## [TASK DETAILS]
The response must be the exact lines from the one that contains "Soldaatjes William Britains" through the end of the material, with no pictures and no additional lines.

## [INPUT DATA]
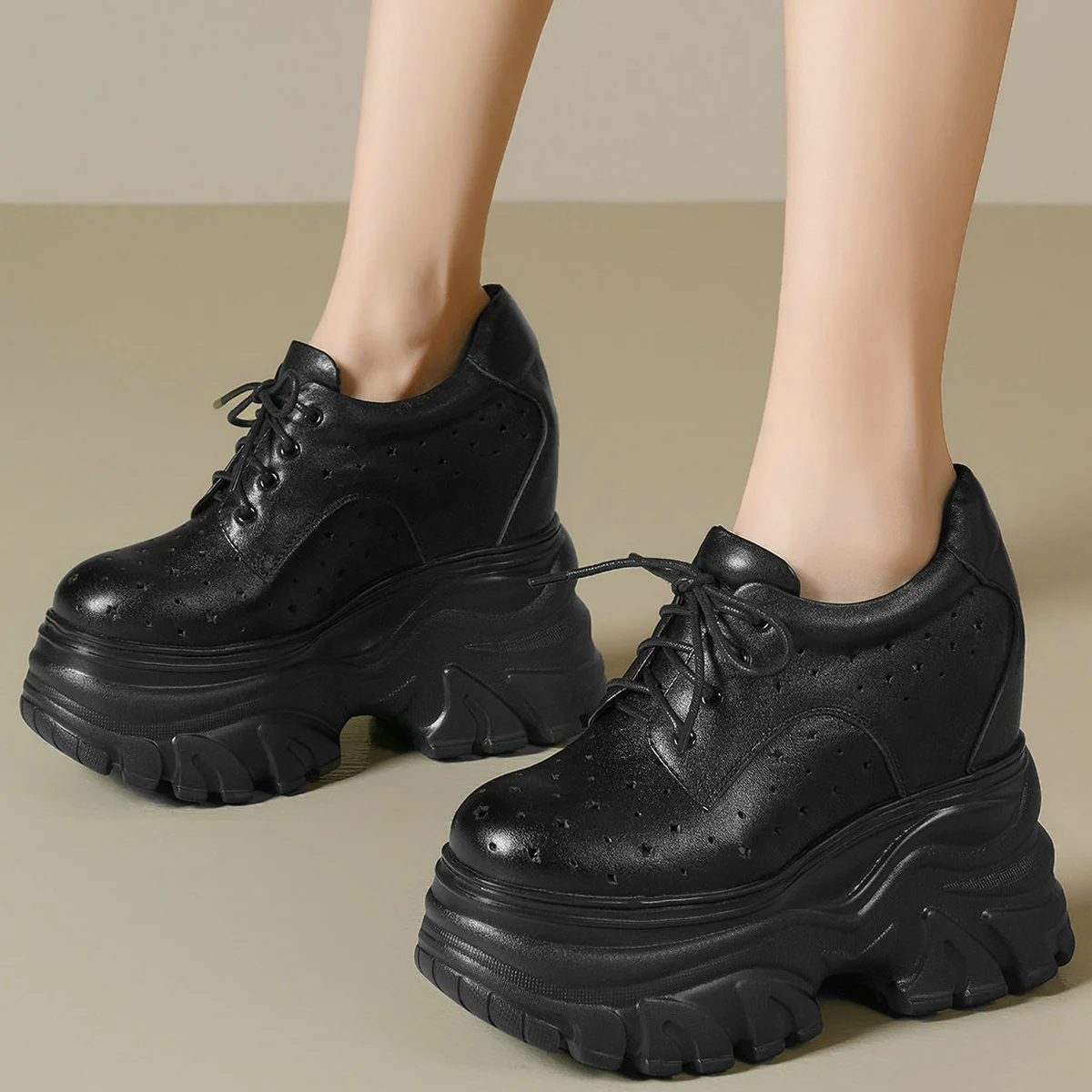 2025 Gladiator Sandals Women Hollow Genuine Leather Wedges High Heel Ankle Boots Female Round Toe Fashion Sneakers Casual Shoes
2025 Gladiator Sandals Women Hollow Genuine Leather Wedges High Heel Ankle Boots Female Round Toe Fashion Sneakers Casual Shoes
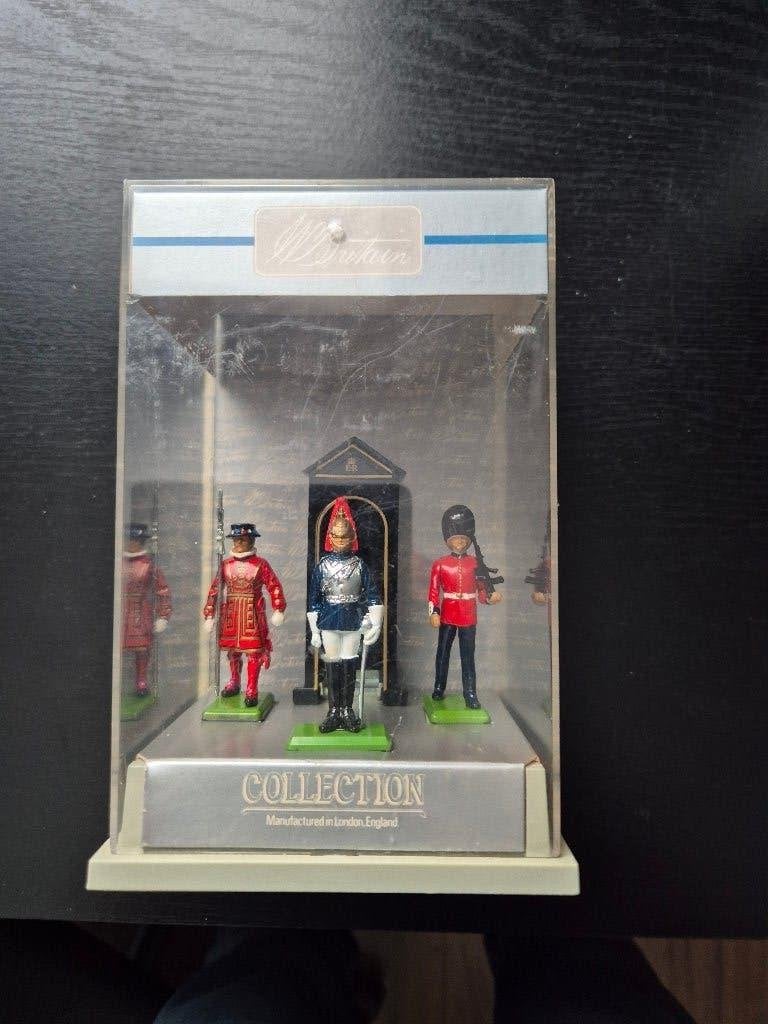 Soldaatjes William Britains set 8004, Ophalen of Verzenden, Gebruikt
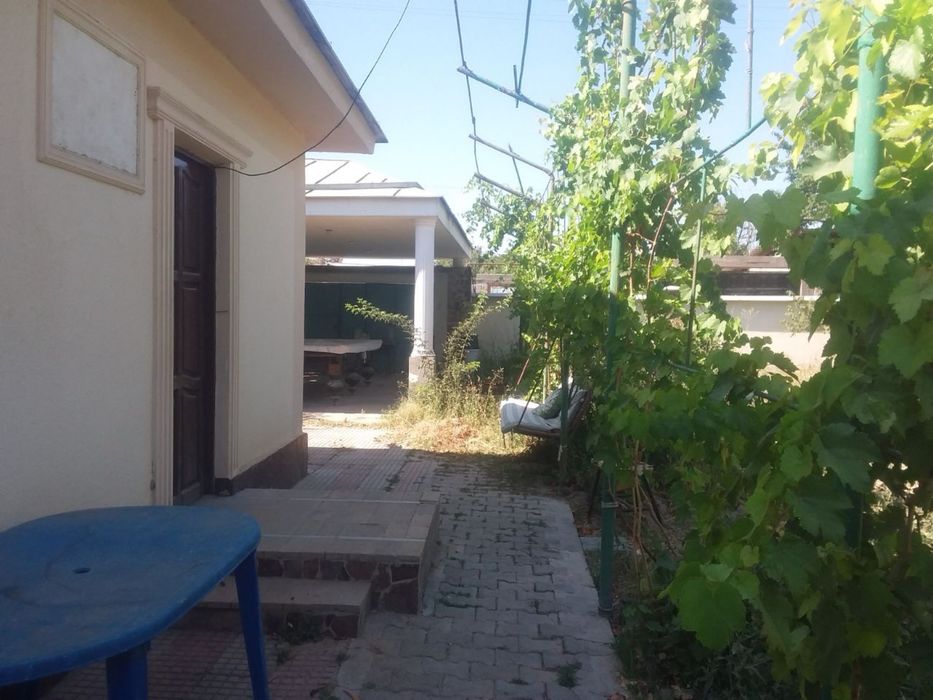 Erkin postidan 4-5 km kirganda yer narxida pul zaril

## [RESULT BELOW]
 Soldaatjes William Britains set 8004, Ophalen of Verzenden, Gebruikt
 Erkin postidan 4-5 km kirganda yer narxida pul zaril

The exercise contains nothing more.